And you think that Labor’s socioeconomic policy is different?
“In past years, the Labor Party used to run a welfare state. In those days, at least we had a safety net to fall on. Sadly, Labor has changed immensely. Avi Gabbay and [Zionist Union MK] Erel Margalit’s economic policies are certainly not anything close to being socialist.”
So, you think you can convince people from the Sephardi community to vote for Labor?
“Yes. But only if Labor finds a way to reconnect with the people. But that’s not so simple. And it certainly won’t happen unless it makes room for someone like me.”
It would have seemed natural for you to become close with Amir Peretz, the party’s preeminent Sephardi member. Instead, you filed an appeal in court against him.
“Peretz is part of the junta, a well-oiled machine that is making it hard for new people to join. Enough already with this old way of thinking. It’s time for him to move on and make room for newcomers. Instead, I received a threat from his headquarters to rescind my appeal.”
The following is an official response from Peretz’s headquarters: “Her claim that threats were made are nonsensical.
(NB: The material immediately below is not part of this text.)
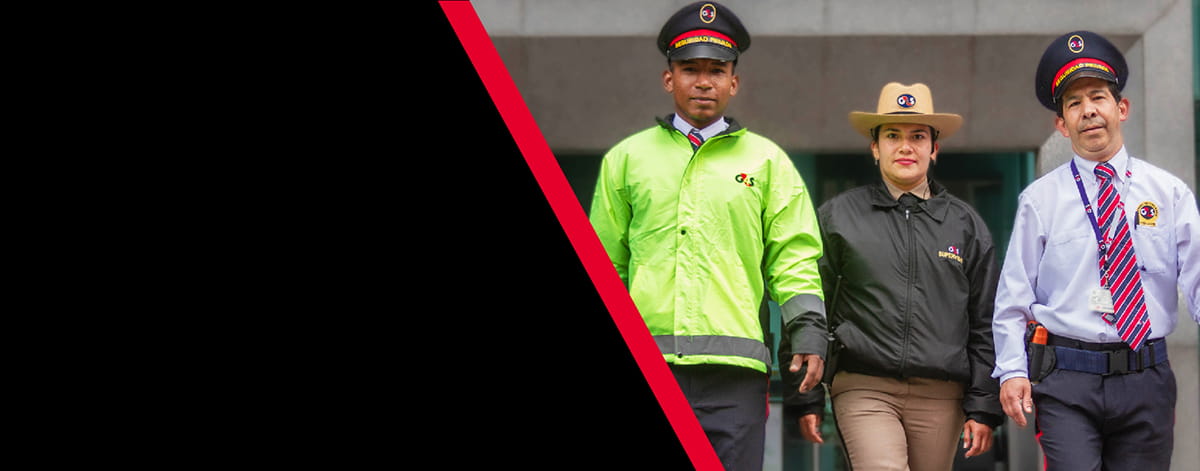 Trabaja con nosotros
All her appeals were rejected outright by the Labor Party’s investigation unit.”
“There are a few MKs who are pretty intransigent,” she says. “But a large percentage is made up of people who are pretty open. These people, unfortunately, don’t usually vote in the primaries. I’m calling on all these people to go out and vote, so that we can start again with a clean slate. I believe we can overcome the hurdles. If people vote for me in the first round, this will cause an earthquake.”
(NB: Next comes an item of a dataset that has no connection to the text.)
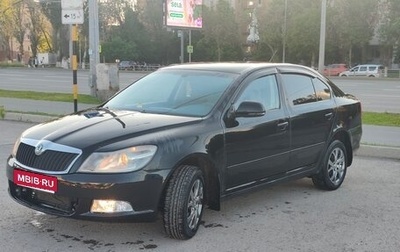 Skoda Octavia, 2013 год, 680 000 рублей, 1 фотография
Which Labor candidates do you value above the rest?
“All of the candidates are quality, suitable people. I think Margalit’s heart is in the right place. He’s not as shallow as others, though I wasn’t so impressed by the trick he played on Gabbay. I don’t feel very close to Omer Bar Lev. Amiram Levin is clean, but the effort he had to make to become a major-general is less than what it would take me to get a university degree. Bougie [Isaac Herzog] is just more of the same.”
What about Gabbay?
“I don’t understand why he got caught up in the Likud voting saga. Especially since this is exactly what the Labor Party needs to do – pick up voters who used to vote Right. Gabbay is one of a hundred children who succeeded in escaping poverty, but he never returned home to help everyone else. He’ll never lead a revolution.”
Are the women in Labor supportive?
“Shelly Yacimovich claims that she’s a feminist, but she wouldn’t even let me open my mouth. She’d rather put a muzzle on me and never let me take the stage.
In an interview with Guri Alfi she said there were no women running for the Labor leadership. Is that being a feminist?”
You’ve only touched on social aspects, and haven’t made any comments about the main issue facing Israel today: the Palestinian conflict.
“Politicians only use the Palestinian conflict as a way to polarize the community. It’s all a boondoggle. I mean, seriously if you were to put Bibi [Netanyanu], Bougie and Yair Lapid in the same room together, they’d all vote for the exact same two-state solution, with similar details.
Most of the country would follow them.”
But not Bayit Yehudi.
“The national-religious have caused Israel and Judaism to become more extreme. Because of my concern for the stranger living in our midst, they call me a leftist traitor. They are a minority that dictates how the rest of us should live. It makes my blood boil.”